In an effort to relieve some of this pressure, Interlink cut a hole in the volute (called an “Unloader”). Venting reduced the pressure and increased efficiency significantly. It did something else, too, but we’ll get to that later.

This success led them to reconsider fan blade design. Classic, rectilinear fan blades are inefficient. They only produce air over the last 1/3 of their length. Using computational fluid dynamics, they modelled an efficient sickle-shape that creates pressure over the entire length. This means it can produce as much volume as a rectilinear blade, but with fewer revolutions.

The difference between rectilinear and sickle-shaped fan blades.

When the new blades were combined with the Unloader, they were able to move the fan closer to the volute and make the cowl longer. A less-exposed fan is not only safer, but its proximity to the volute increased efficiency.

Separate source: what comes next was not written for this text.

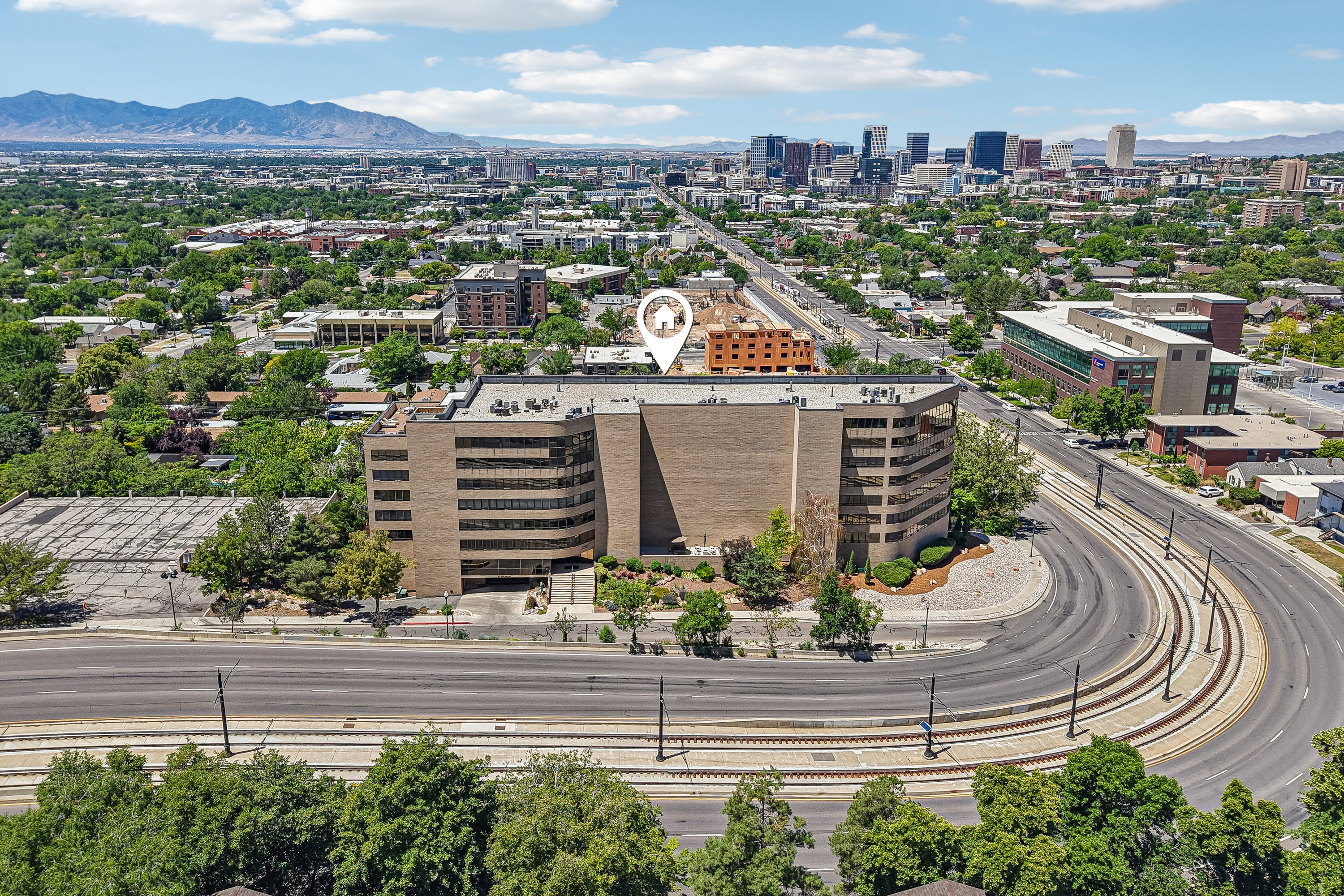 Aerial perspective showcasing a multi-story commercial building with a brick facade and numerous windows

The result was a 2.5x increase in pressure and a concomitant 30% savings in horsepower. In other words, while similarly-sized sprayers were using 25 L (6.5 US gal.) of fuel per hour, they created the same air volume and speed using 17 L (4.5 US gal.) fuel per hour.

But why stop there?

Nut orchards in Australia and the US can grow up to 21 meters (~70 feet). A low-profile axial sprayer must produce a great deal of air volume to both penetrate the canopy and reach the top. Increasing fan diameter can help, but perhaps two fans are better? Air-O-Fan has their twin-fan system, where two shaft-driven fans with reversed blade pitches produce high-volume turbulent air. Interlock decided to try it.

Hydraulics permit the twin-fan head to be raised off the ground.

When two hydraulically driven fans were placed back-to-back (spinning counter to one another) the Unloaders did something Unexpected. Normally, an axial fan blowing against a volute creates deflection, causing higher speeds on the downward side of the fan. Most sprayers use vanes to correct this, but they cause back-pressure. Serendipitously, when placed back-to-back, the pressure vented through the Unloaders was reclaimed on the upward side of each fan, equalizing airspeed across the outlet.

The air vented through the Uploader evened-out the airspeed.
Computational fluid dynamics demonstrate even air-speed and volume on both sides of the sprayer.

And there’s still more. Since this counter-rotation twin fan design is hydraulically driven, it is not restricted by a shaft. This allows the head to be lifted off the ground. Quite often in large orchards, air and nozzles are aimed too low, wasting spray below the canopy. Lifting the fan and nozzle banks brings everything closer to the top of the canopy; a notoriously difficult target to reach. It also reduces the level of dust and detritus stirred up from the canopy floor. Operators reported that the elevated fan head helped keep fan intakes and radiators (required on Australian airblast sprayers) clear of debris.

This low-profile axial airblast fan is a refreshing new approach to a design that has seen only marginal improvement over the last 20 years. Given the pace of innovation in Matt’s factory, I’m sure the next set of improvements will be in place by the time this article is published.